*Work item:*
Among the entries below, which lines run from the line with "Arnold Böcklin Das Hünengrab No2 - Póster" through the line with "Ws.D Key 8-Person"? Retype those, both ends included, exactly and without pictures.

*Data records:*
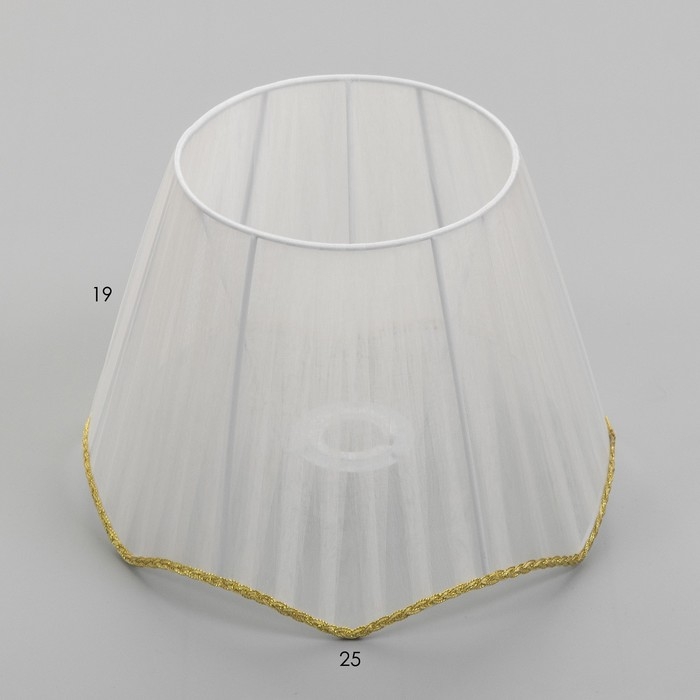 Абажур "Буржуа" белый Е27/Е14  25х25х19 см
...
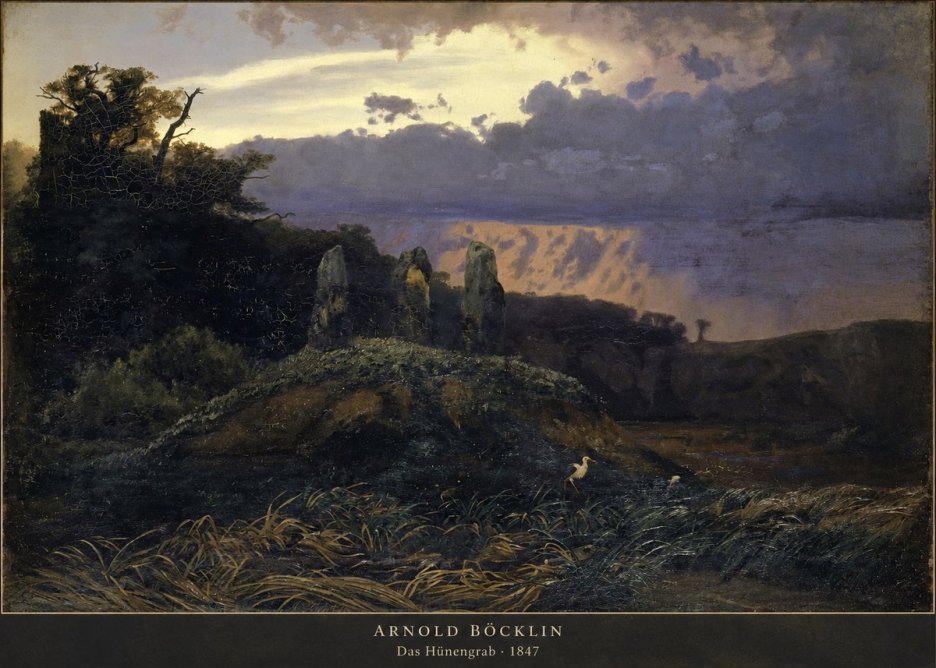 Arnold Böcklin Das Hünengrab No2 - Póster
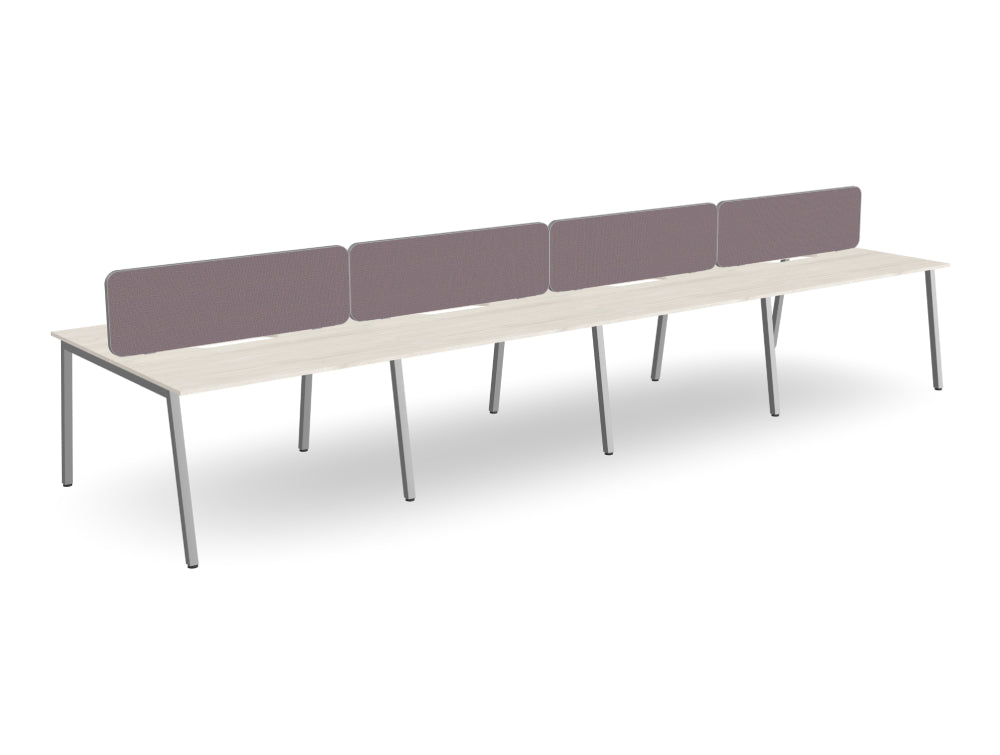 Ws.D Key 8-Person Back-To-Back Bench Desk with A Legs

*Task output:*
 Arnold Böcklin Das Hünengrab No2 - Póster
 Ws.D Key 8-Person Back-To-Back Bench Desk with A Legs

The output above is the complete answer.